Дорога к счастью | страница 47



— И не говори, сын мой! Не узнаешь, что человека ожидает на этом свете! Я словно тот герой из наших черкесских сказок, который на ковре-самолете полетел в неведомый, чудесный иной мир…

Халяхо помолчал минутку. Глянув в сторону Большого театра и как бы вспомнив самое главное, он вдруг приосанился в своей шубенке и с достоинством возвестил:

— Мы на съезд Советов приехали. Я не один, со мной еще несколько наших… — По адыгейской манере Халяхо говорил о себе во множественном числе.

* * *

…На следующий день, рано утром, Биболэт — как было условлено с Халяхо — явился к столовой, под вторым Домом Советов. Халяхо уже ждал его у подъезда.

Щуплый, морщинистый старичок, с аккуратно остриженной бородкой, он стоял, хмуря мохнатые брови. Глаза его слезились от холода, и мутные слезинки медленно стекали по желобкам морщин. Он зябко поджимал под себя то одну, то другую ногу в сафьяновых ноговицах и юфтовых башмаках, удобных для намаза[28]. Подол латаной нагольной шубенки, перетянутой поясом, торчал растопыренным кринолином. Весь он являлся как бы олицетворением былой задавленности и нищеты адыгейских тружеников, одной из основ жизни которых была выносливость.

Когда Биболэт подошел, Халяхо не показал виду, что он долго ждал его и продрог, а сказал покровительственно, соблюдая стариковскую солидность:

— Хорошо, что пришел так раненько и выполнил свое слово, как подобает мужчине. Должно быть, ты здесь уже привык жить по часам. А мы, старики, привыкли все глядеть на солнце да на звезды. Но тут не разберешь: кругом светло, а небо серое, поди узнай, что когда! — Он вытер ладонью слезы и прибавил: — Пойдем, немного покушаем.

— Я уже кушал у себя, Халяхо. Пойди ты поешь, а я подожду, — сказал Биболэт.

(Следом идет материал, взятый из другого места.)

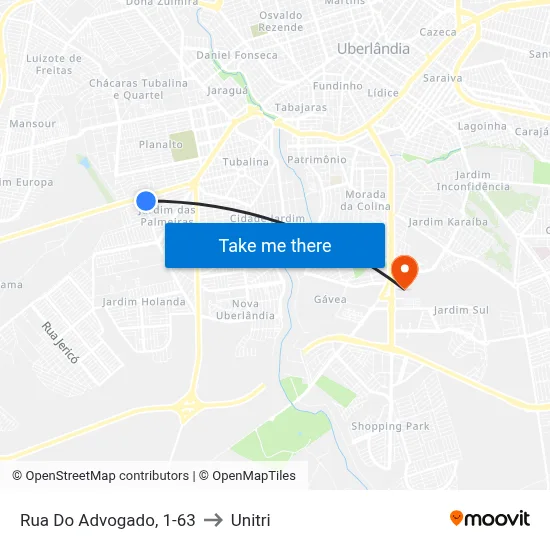 Rua Do Advogado, 1-63 to Unitri map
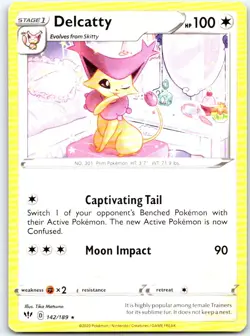 Delcatty 142/189 Normal Rare Darkness Ablaze Pokemon NM - Image 1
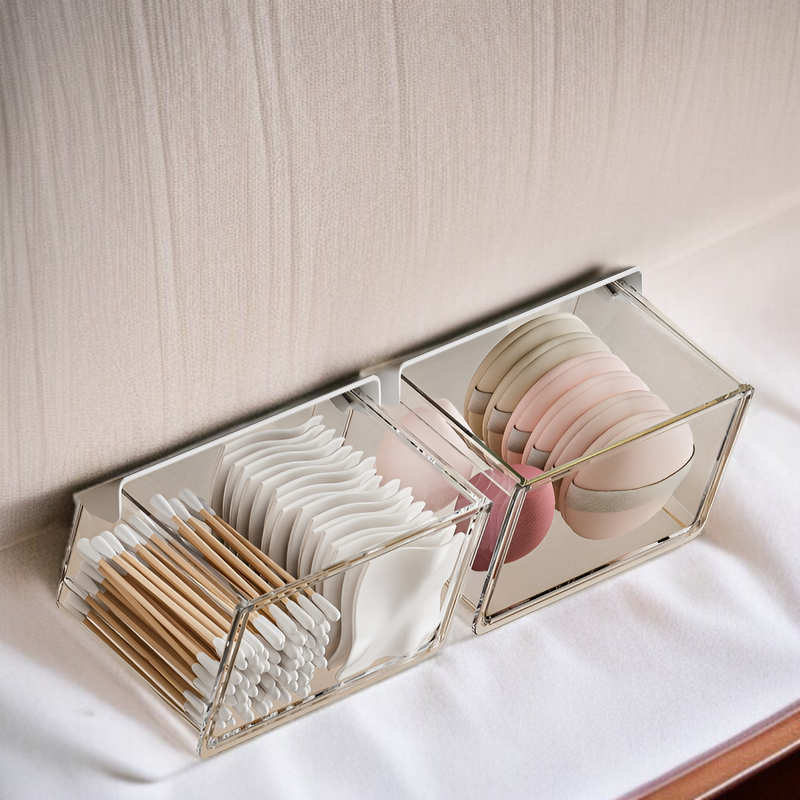 33°の傾斜角度で出し入れしやすいテーブル下収納ボックス。シンプルで透明な引き出し式で、オフィス、トイレ、洗面台、バスルームなどに最適な防水収納ボックスです。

— Нет, такого кушанья, каким угощают нас здесь, ты, наверное, никогда не ел. Идем! — настаивал Халяхо. — Мы, адыге, непривычны к таким отборным кушаньям. Нам бы — нашу мамалыгу да шашлыка из копченого мяса. А тут такие кушанья, что просто не знаешь, как их и есть. Идем, ты лучше нас, стариков, одолеешь все это.

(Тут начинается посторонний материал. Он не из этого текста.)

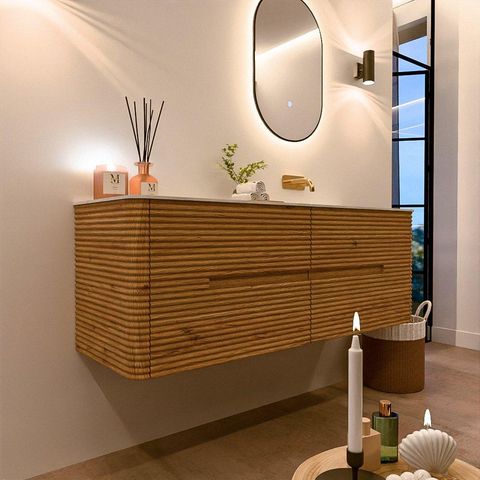 Mondiaz CIRO-DLUX Badkamermeubelset - 140x45x50cm - Solid surface wastafel Opalo - 1 wasbak Rechts - zonder kraangaten - 4 lades - Oak SW1531006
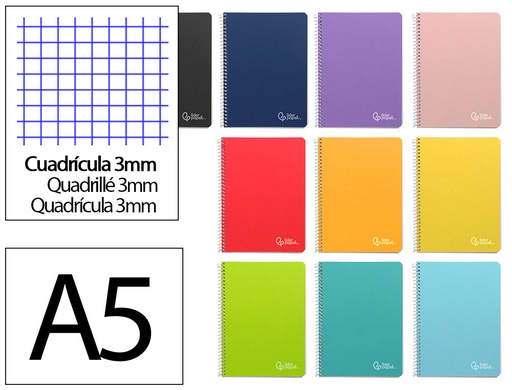 [172264] Cuaderno espiral liderpapel din a5 witty tapa dura 80h 90gr cuadro 3mm con margen colores surtidos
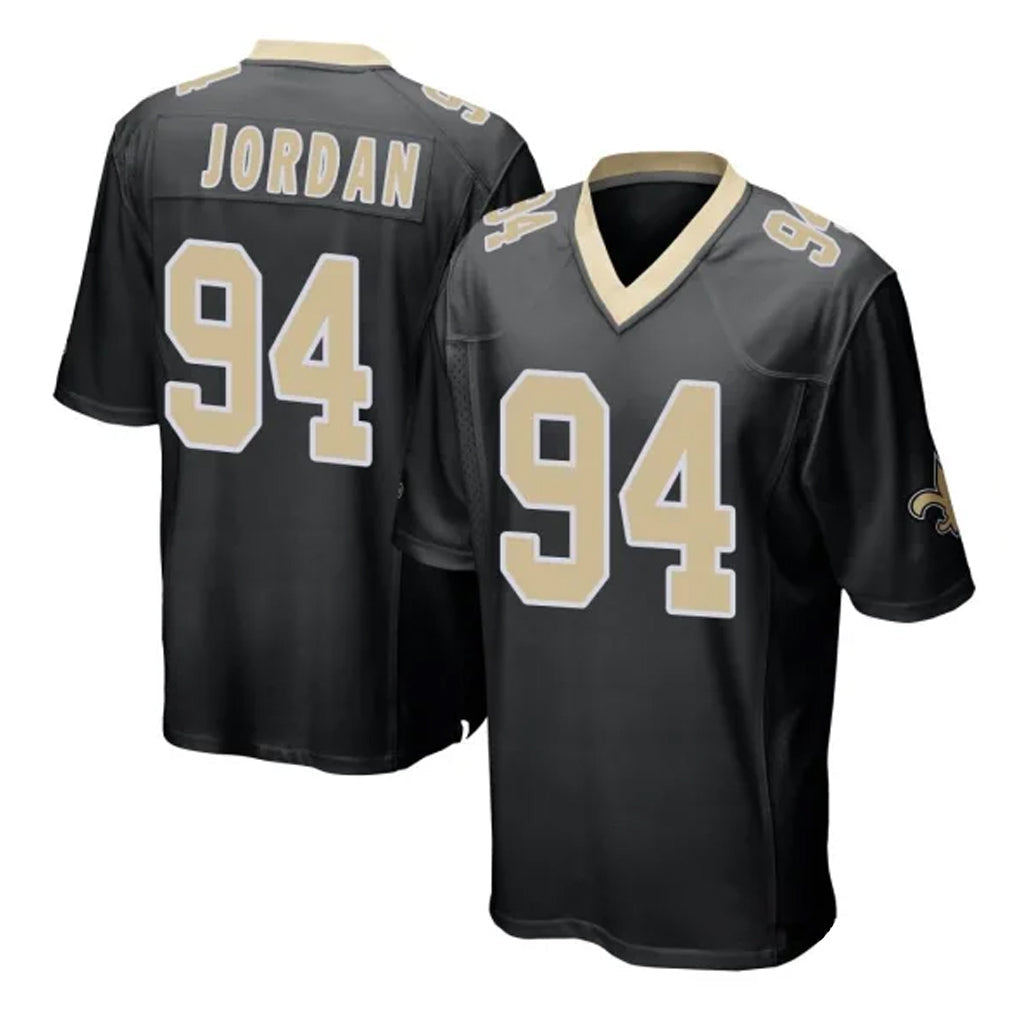 Elroe NO.Saints #94 Cameron Jordan Player Black Home Game Stitched Jerseys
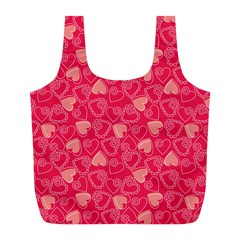 Red Pink Valentine Pattern With Coral Hearts Full Print Recycle Bags (l)  by ArigigiPixel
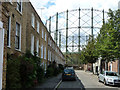 Gasholder at end of Montford Place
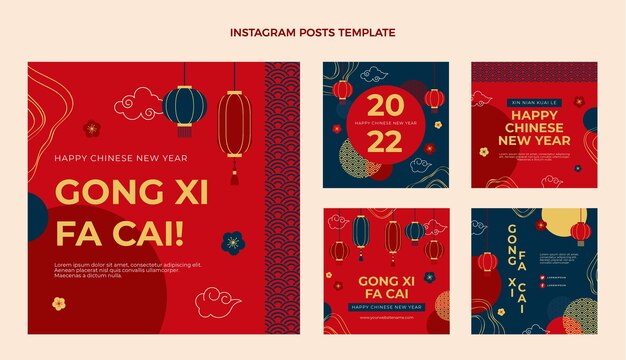 Flat chinese new year instagram posts collection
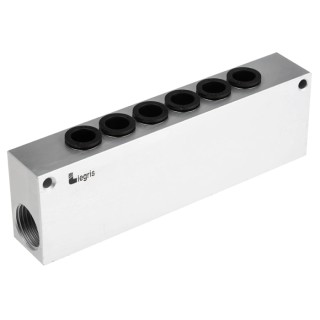 Legris Aluminium Body Pneumatic Manifold 6 Station 1/2 in Push-in Port Female Thread G Series 3310 3310 10 21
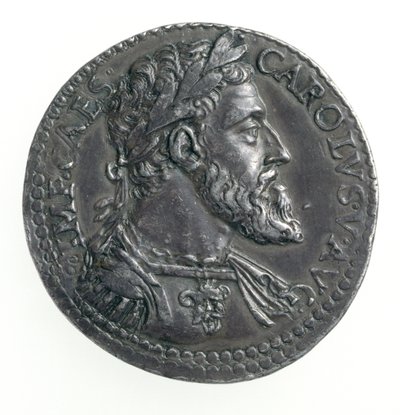 Testone de Charles V (1500-58) Duc de Milan, gravé par Dye, 1535-56 (avers) - Leone Leoni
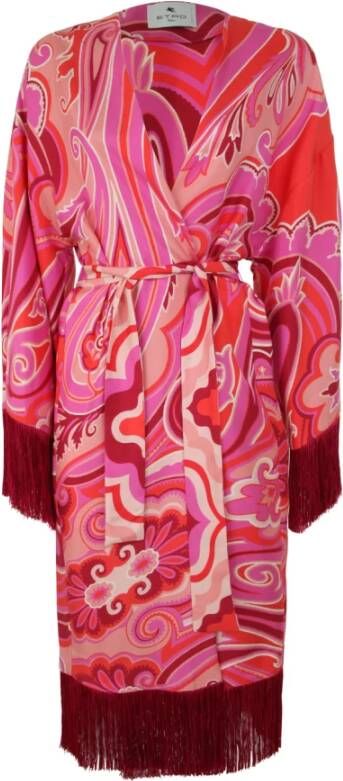 ETRO Printed Fringed Kimono , Roze, Dames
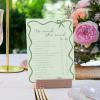 imageDEEKA 30 PCS Bridal Shower Games Card for 30 Guests Pink Wavy Border Ribbon Bow Funny Wedding Bachelorette Party Games for Reception Would She RatherSage Green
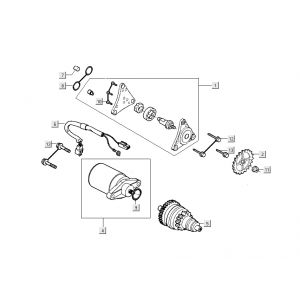Startmotor - Oliepomp - Bendix Kymco People S 50 4-takt kersen rood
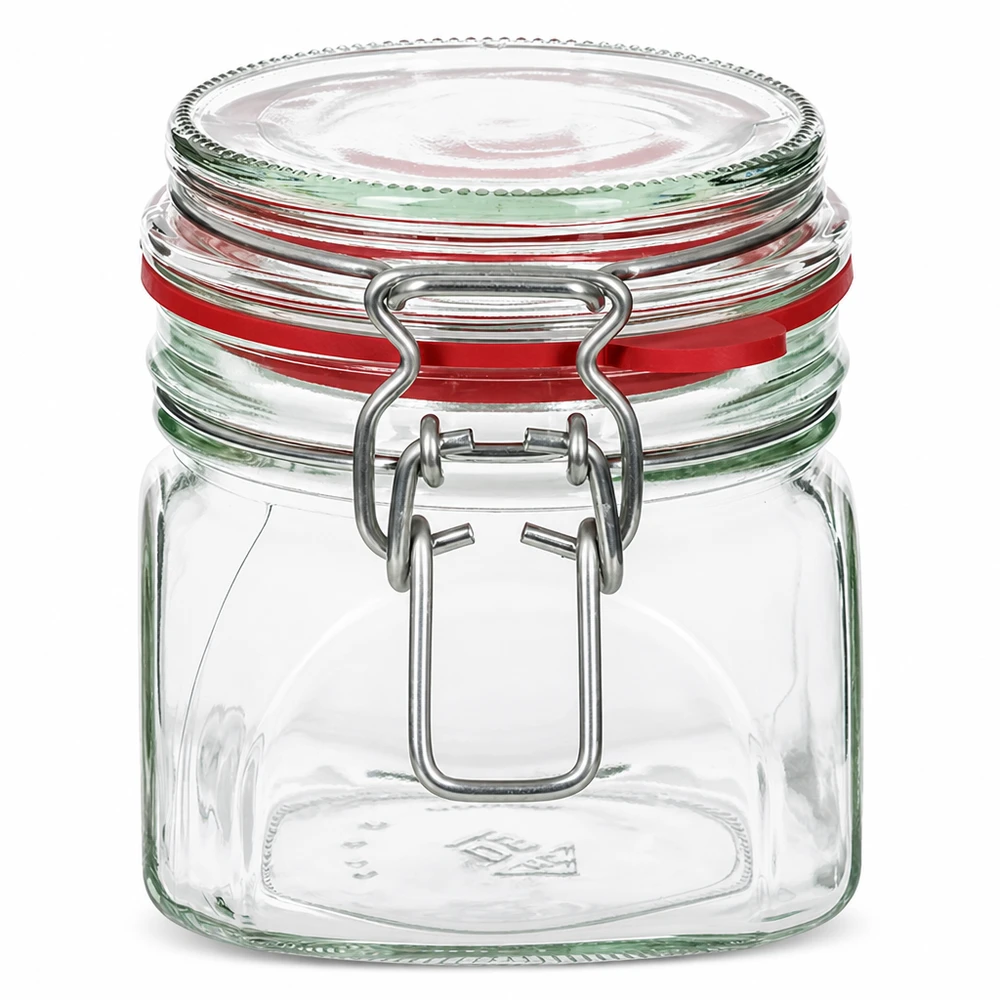 Bocal de conservation de 370 ml, type G, avec bouchon à clip UN.. Pot de conservation de 370 ml avec fermeture à étrier et anneau en caoutchouc rouge pour un stockage hermétique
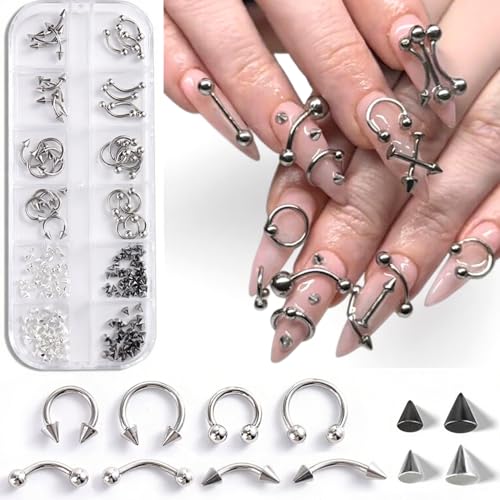 Furtherpretty Piercing Nail Charms Set, 3D Silver Alloy Goth Punk Nail Art Decorations, Triangle Spike Rivets & Metal Rings, Y2K Pierced Nail Charms for DIY Manicure & Salon Accessories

Биболэт заметил перемену, происшедшую в Халяхо с того времени, как он видел его два года назад в ауле. Во всей осанке приниженного горькой жизнью старика появилось чувство собственного достоинства, не было уже в нем прежней заискивающей перед немилостивой судьбой робости и неспокойной суетливости. В поступках, движениях и словах видна была независимая солидность. Это сказывалось даже в том, как Халяхо уверенно и спокойно держал свои вечно неспокойные руки.